The mountainside was similar to the one where she’d stopped to pick wildflowers with the girls, only it stood high enough they could see the ocean. She reached the summit where Jakk and the girls waited and turned around, breathing it all in.
Everything about it was perfect.
“Okay, so now what?” Gav’n asked. The entire family had participated in the evolving plan for the day. Pritzi had insisted on the flower wreaths. Darley had picked out their dresses. Jakk had chosen the location.
“I have something for you.” She pulled a little silk bag from Gav’n’s pocket. “On Earth, we have a tradition of giving rings for marriage, so I had a ring made for each of us. They all match, see?” She tipped the bag upside down, and six gold rings rolled into her palm. They were simple matching bands, inscribed on the inside with the words Family Forever.
The girls reached for them, but she closed her fingers and lifted her hand high.
“Wait, wait, wait. There’s a ceremony that goes with the giving of rings. You see, on Earth, the ring is a symbol of love, which has neither beginning nor end. It goes on your fourth finger, which on humans is the warmest, and, therefore, the closest to the heart.”
The girls jockeyed for position, lining up in a row before her, hands held out with the fourth finger aloft.
“With this ring, I thee wed.” She slid the smallest ring onto Pritzi’s finger. “Wear it as a symbol of my love.” She repeated the vow with each child. When she moved on to face Jakk, a sudden shyness overcame her.
Jakk reached for her, tugging her up against his body. “Why are you nervous, little human?” he murmured. “You’re ours, whether you give me that ring or not.”
Gav’n stepped behind her, sandwiching her between them. “Where’s your ring, pashika? We’ll put it on you together.”
Face warm, she opened her palm and picked out her ring. Gav’n slid it on her finger, and Jakk lifted it to his lips, kissing it. “With this ring, we claim you forever.”
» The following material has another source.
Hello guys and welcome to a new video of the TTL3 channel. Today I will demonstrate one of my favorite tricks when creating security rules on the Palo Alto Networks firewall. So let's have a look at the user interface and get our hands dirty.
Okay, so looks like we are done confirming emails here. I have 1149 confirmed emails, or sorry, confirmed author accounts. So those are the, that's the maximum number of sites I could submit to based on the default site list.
She giggled. “Those aren’t the words.”
Gav’n flashed his roguish smile. “I forget them.” He held out his ring finger. “Give me mine.”
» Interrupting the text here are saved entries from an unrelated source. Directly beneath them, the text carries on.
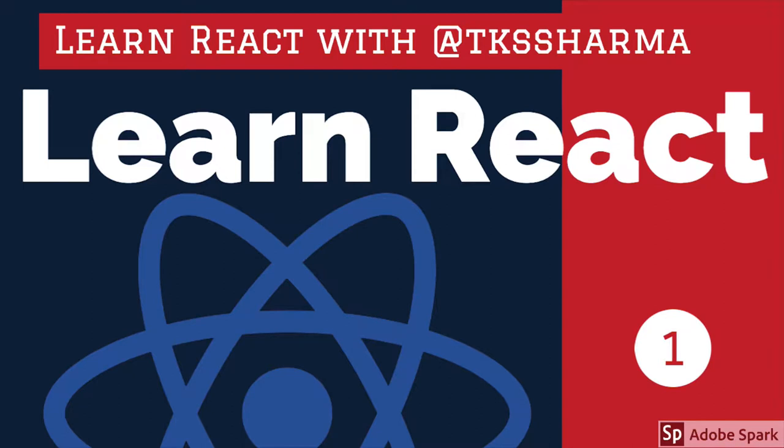You can clone and do hands-on practice on React fundamentals, React with Redux, React with Hooks, React with class-based components, React with functional components, React with Formik, and React with Jest and Cypress.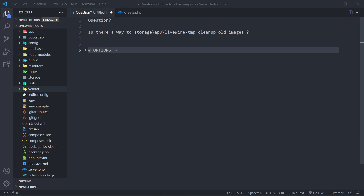Hi everyone, hope you all are doing well. This is a question that was asked by one of our viewers: is there a way to basically clean up the LiveWire Temp folder of images or files? In this video, we're just going to address the old images. You can obviously apply that to any other files that you might have.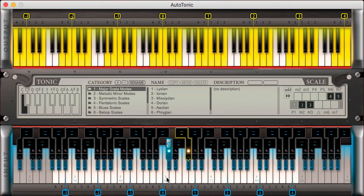Hello, this is Clemens from Autotonic, and in today's video I want to cover some of the basics of the user interface.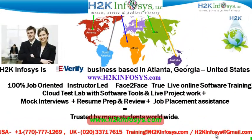Welcome to H2K Infosys. H2K Infosys is an e-verify business based in Atlanta, Georgia, United States.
She slid one of the huge rings on his finger. “With this ring, I thee wed. Take it as a symbol of my love.” She repeated the words as she bestowed the last ring on Jakk’s finger.
“What do we do now?” Jakk asked.
“We hold hands,” Jan offered. She’d been talking more, though still not nearly as much as Pritzi.
“Like this?” Gav’n joined hands with her and Pritzi.
“No, in a circle,” Jan said. “No beginning, nor end.”
“Like love,” Darley finished.
“Like love,” Jakk murmured. “I love you all. You know that?”
The girls giggled, and her eyes misted. “I love you all, too.”
“Me too.”
“Me too.”
“Me too.”
“Me too.”
“Now what do we do?” Gav’n asked.
“We eat cake,” she declared.
“What’s cake?” Pritzi demanded.
“It’s the most wondrous food you’ve ever tasted. And I figured out how to make it on Pra’kir. But it’s at home. Last one to the shuttles is a rotten egg!” She tossed her bouquet over her head and ran, pell-mell, down the steep hillside for the shuttles.
Whoops and shrieks sounded behind her as her family followed, the sounds of their joy echoing on the rocks and pinging back, straight into her heart.